Hong Kong’s stock valuation could rise
Institutions generally maintain a positive attitude towards investment opportunities in the Hong Kong stock market outlook. Debon Fund believes that the current attractiveness of the Hong Kong stock market for funds has begun to manifest itself. Next year, with the basic orientation and increased investment objectives in the “new economy”, there is still room for an increase in the valuation of Hong Kong shares.
Industrial Securities Zhang Yidong also said Hong Kong shares will not continue to maintain a low valuation. In terms of short and medium-term investment styles, this year’s global market growth style has outperformed its value; in addition, the national economy has entered a high-quality development stage, and the long-term development trend of advanced consumption, technology, medicine and production with growth flexibility is clear. The high growth phase of traditional industries is over. In the future, it could be restored to a reasonable valuation level. Matching the traditional industry leader in the Hong Kong stock market, it will also experience a value appreciation phase. At the same time, the compilation methods of the Hang Seng China Enterprise Index and this year’s Hang Seng Index will be adjusted and future technology will be included in greater weight. The compilation of the index keeps pace with the times and reflects new economic trends and valuations will also change.

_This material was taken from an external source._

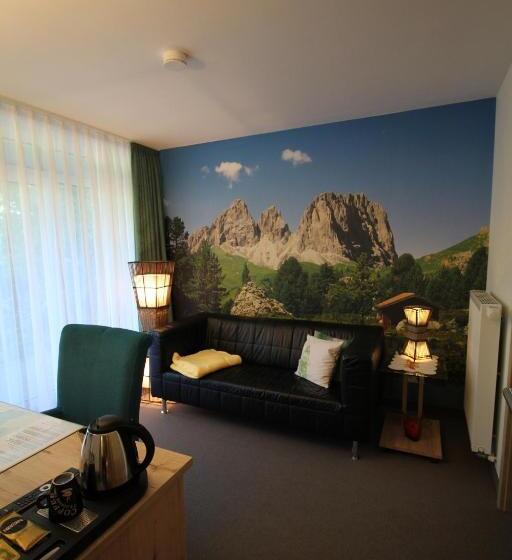 בית מלון כפרי Atrium Garni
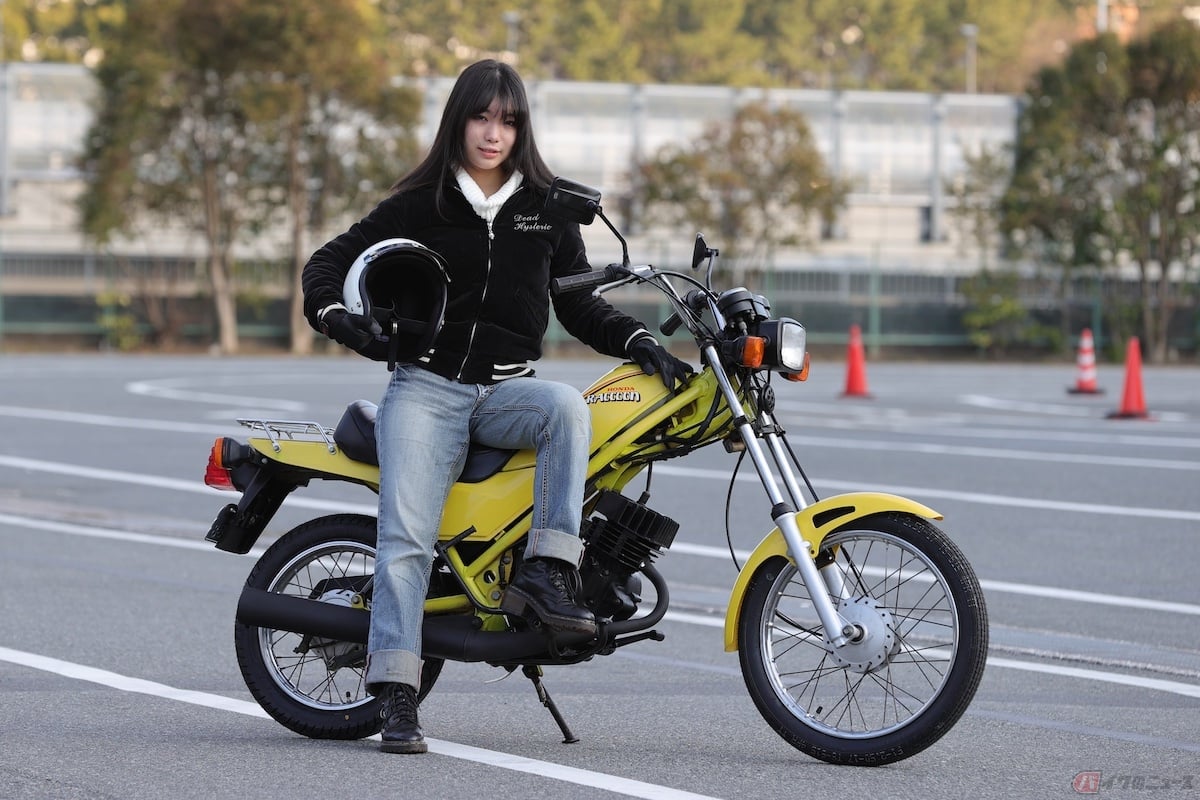 女子高校生が ザ 原宿バイク と呼ばれた 80年代のオシャレな原付バイク ホンダのラクーンに乗ってみました バイクのニュース 女子高校生が ザ 原宿バイク と呼ばれた 80年代のオシャレな原付バイク ホンダのラクーンに乗ってみました バイクのニュース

Li Yaozhu, head of the GF Fund’s International Business Department, is relatively optimistic about investment opportunities in the Internet sector in Hong Kong stocks and said that when Chinese Internet companies are listed in Hong Kong, the quality of business growth will be improved. . Because the digital transformation on the continent will rely on these companies for structured data applications. Furthermore, the stricter regulation of the Internet industry will promote the industry to become more standardized and develop stronger momentum.